That statement from the White Estate above is so blasphemous--they say "With the exception of the Ten Commandments..." What about the words of Jesus Christ? Is He not God? And what about all of the other times that the Bible claims to be quoting God directly?

But that statement from the White Estate was simply taken from EGW:


quote:

"The Ten Commandments were spoken by God Himself, and were written by His own hand. They are of divine, and not of human composition. But the Bible, with its God-given truths expressed in the language of men, presents a union of the divine and the human. Such a union existed in the nature of Christ, who was the Son of God and the Son of man. Thus it is true of the Bible, as it was of Christ, that 'the Word was made flesh, and dwelt among us.' John 1:14." (The Great Controversy, page v, paragraph 4.)




EGW also states:


quote:

"The Bible is written by inspired men, but it is not God's mode of thought and expression. It is that of humanity. God, as a writer, is not represented. Men will often say such an expression is not like God. But God has not put Himself in words, in logic, in rhetoric, on trial in the Bible. The writers of the Bible were God's penmen, not His pen. Look at the different writers.

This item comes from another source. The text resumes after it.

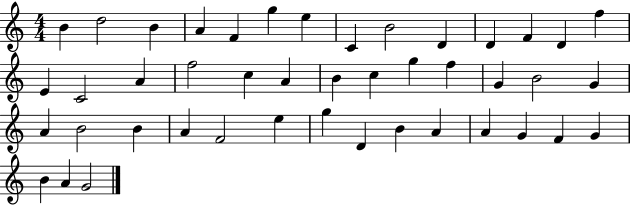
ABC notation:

"It is not the words of the Bible that are inspired, but the men that were inspired. Inspiration acts not on the man's words or his expressions but on the man himself, who, under the influence of the Holy Ghost, is imbued with thoughts. But the words receive the impress of the individual mind. The divine mind is diffused. The divine mind and will is combined with the human mind and will; thus the utterances of the man are the word of God." (Selected Messages, Book 1, page 21, paragraphs 1-2.)




The White Estate also says this on their website:


quote:

But to attempt to prove that all the alleged "errors" in Ellen White's writings are not actually errors, is unprofitable for at least two reasons.

[...]

Second, Seventh-day Adventists (including Ellen White herself) do not claim that either she or other inspired persons were infallible, either in their writing or living. Alleged discrepancies and factual errors are only fatal to views of inspiration that demand perfection in human language and in the human instrument presenting the divine message. Such views run counter to what is observed in Scripture--the standard by which we are to judge our conceptions of how God speaks.

In evaluating so-called errors, one needs to consider whether the perceived "error" is central to the divine message, or inconsequential. Even when it is central, we need to allow for the possibility that the Holy Spirit may "correct" the prophet in a future communication.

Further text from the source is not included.